====== Data extracts

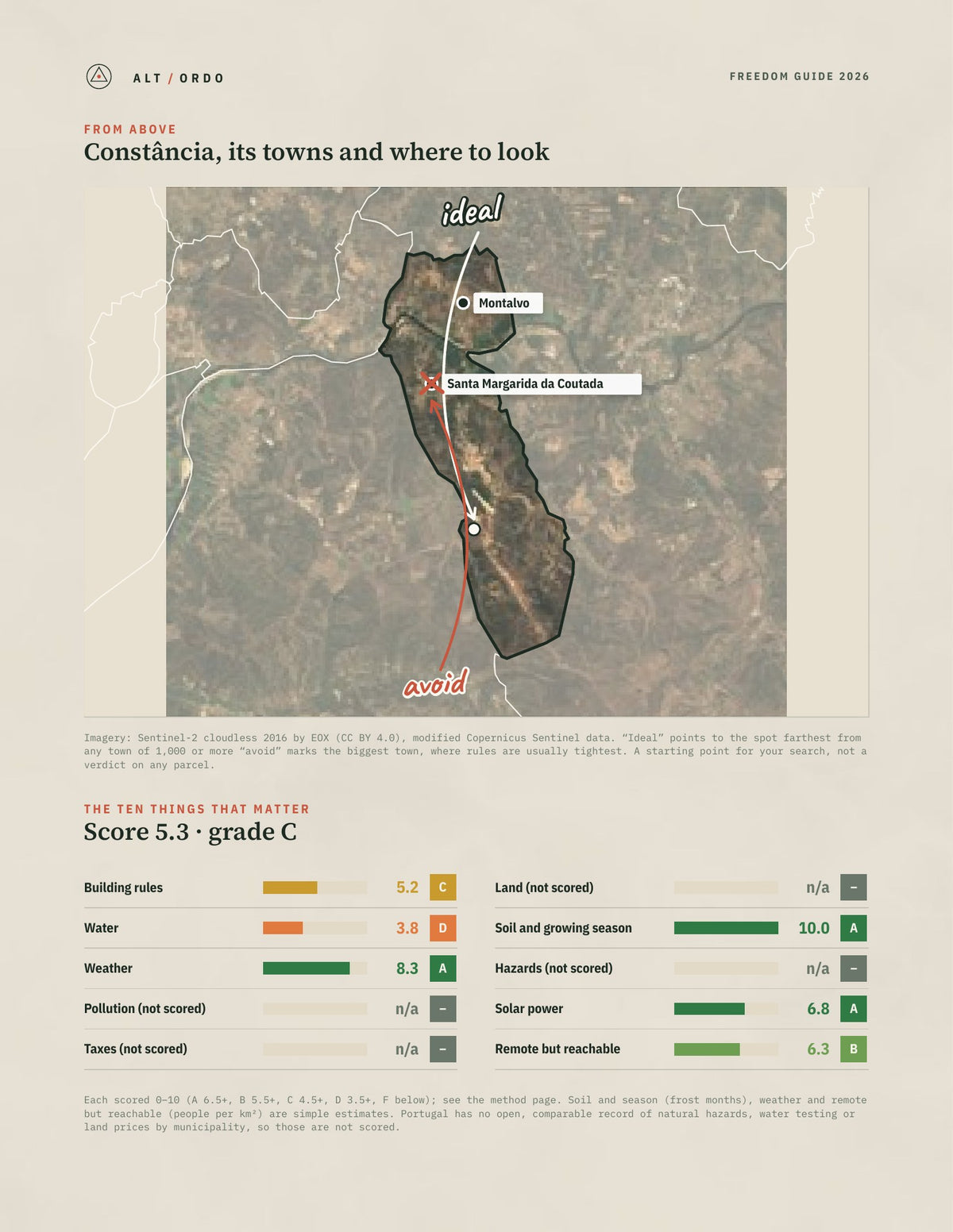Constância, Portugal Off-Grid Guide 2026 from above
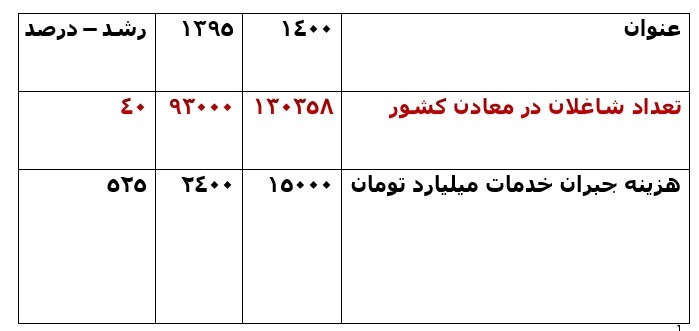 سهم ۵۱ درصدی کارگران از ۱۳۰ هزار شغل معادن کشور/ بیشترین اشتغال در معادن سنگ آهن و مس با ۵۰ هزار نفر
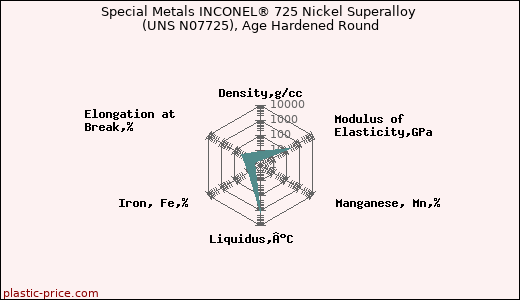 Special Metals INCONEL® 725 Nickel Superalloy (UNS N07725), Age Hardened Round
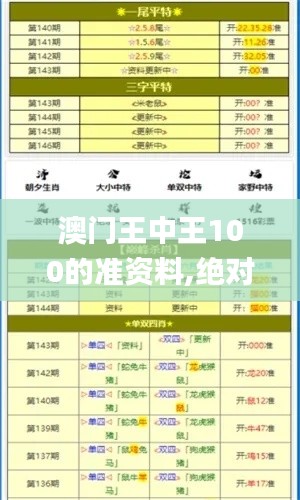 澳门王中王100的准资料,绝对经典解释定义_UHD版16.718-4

============
====== Data extracts

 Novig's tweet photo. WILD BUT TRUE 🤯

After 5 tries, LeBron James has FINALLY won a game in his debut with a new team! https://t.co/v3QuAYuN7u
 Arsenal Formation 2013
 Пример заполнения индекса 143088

============
====== Data extracts

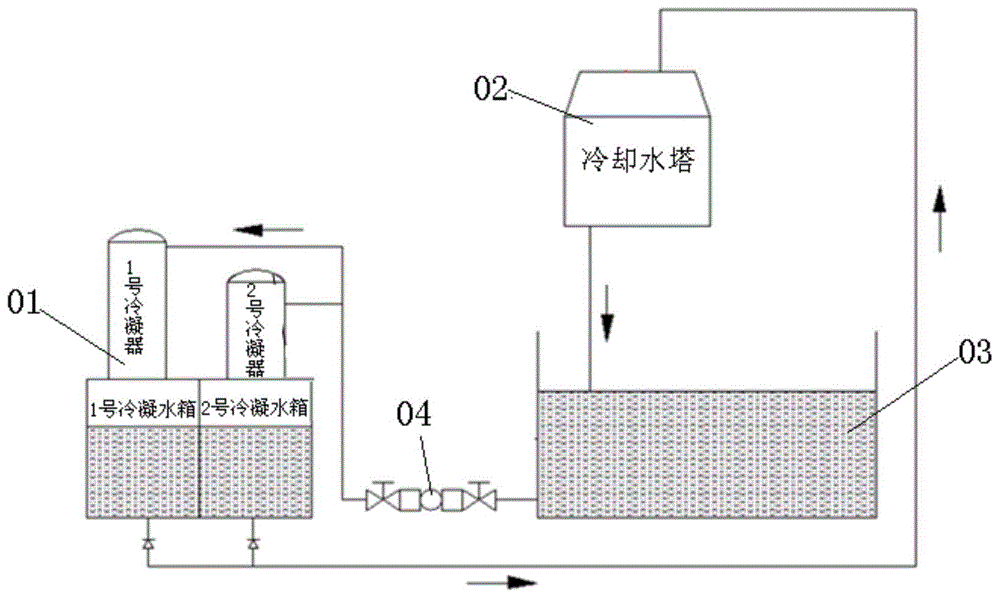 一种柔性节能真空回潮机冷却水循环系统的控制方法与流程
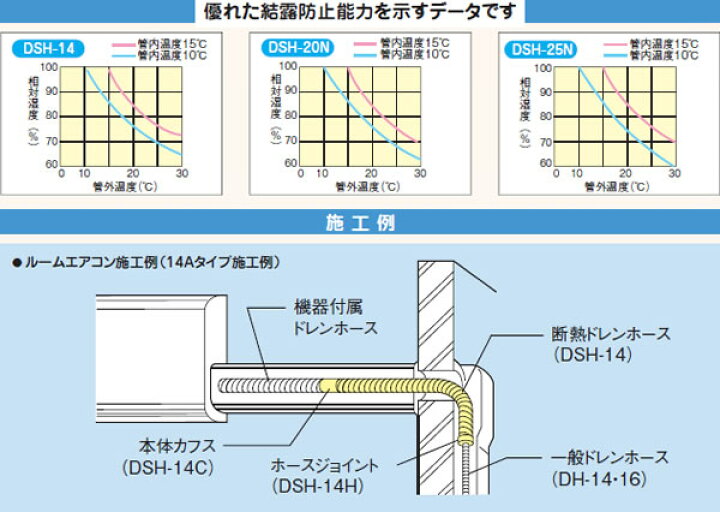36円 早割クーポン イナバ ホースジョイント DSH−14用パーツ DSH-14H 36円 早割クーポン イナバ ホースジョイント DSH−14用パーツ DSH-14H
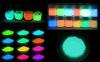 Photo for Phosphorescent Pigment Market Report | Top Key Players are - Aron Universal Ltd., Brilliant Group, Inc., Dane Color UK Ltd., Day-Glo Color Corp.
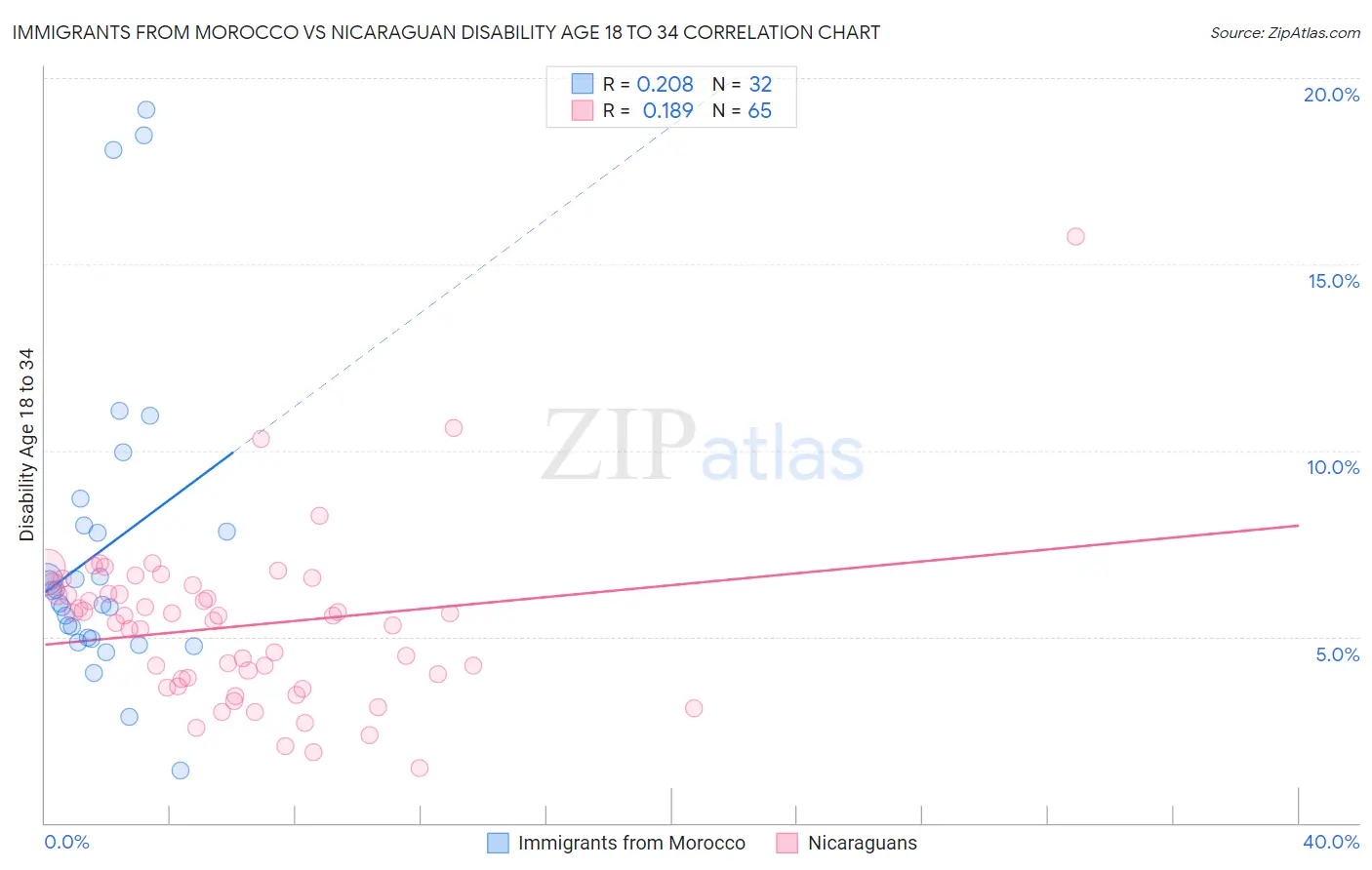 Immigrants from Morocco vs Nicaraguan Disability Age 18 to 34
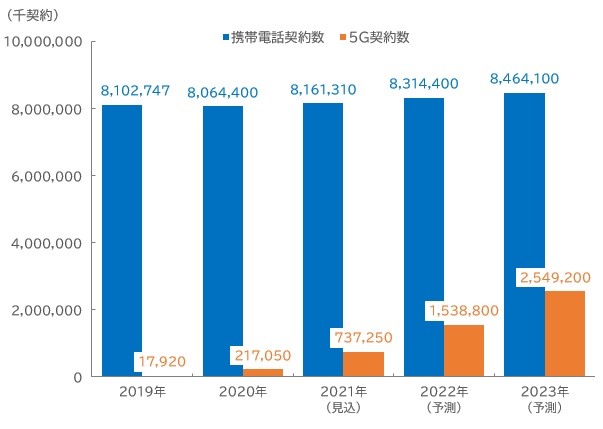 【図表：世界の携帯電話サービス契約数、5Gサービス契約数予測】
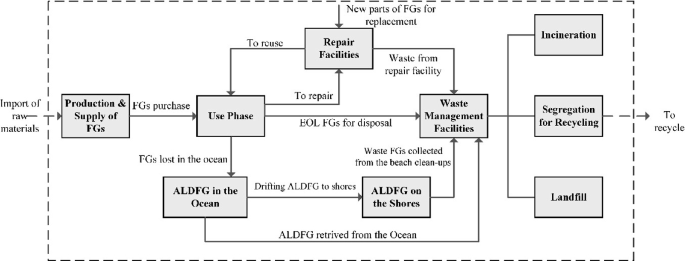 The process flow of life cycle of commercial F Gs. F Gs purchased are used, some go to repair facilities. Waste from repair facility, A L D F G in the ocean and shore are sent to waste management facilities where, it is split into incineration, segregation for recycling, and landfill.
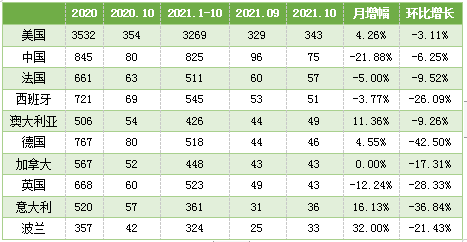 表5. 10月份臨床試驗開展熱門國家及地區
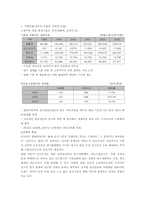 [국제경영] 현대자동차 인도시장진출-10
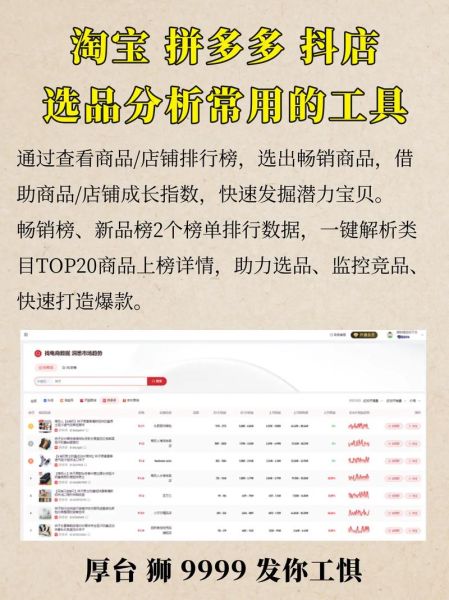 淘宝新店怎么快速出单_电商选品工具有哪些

============

■ **Required work**: After locating the line containing "Photo for Phosphorescent" in the entries above, return it and every line after it exactly, ending at the line containing "淘宝新店怎么快速出单_电商选品工具有哪些", without pictures.

■ **Result**:
 Photo for Phosphorescent Pigment Market Report | Top Key Players are - Aron Universal Ltd., Brilliant Group, Inc., Dane Color UK Ltd., Day-Glo Color Corp.
 Immigrants from Morocco vs Nicaraguan Disability Age 18 to 34
 【図表：世界の携帯電話サービス契約数、5Gサービス契約数予測】
 The process flow of life cycle of commercial F Gs. F Gs purchased are used, some go to repair facilities. Waste from repair facility, A L D F G in the ocean and shore are sent to waste management facilities where, it is split into incineration, segregation for recycling, and landfill.
 表5. 10月份臨床試驗開展熱門國家及地區
 [국제경영] 현대자동차 인도시장진출-10
 淘宝新店怎么快速出单_电商选品工具有哪些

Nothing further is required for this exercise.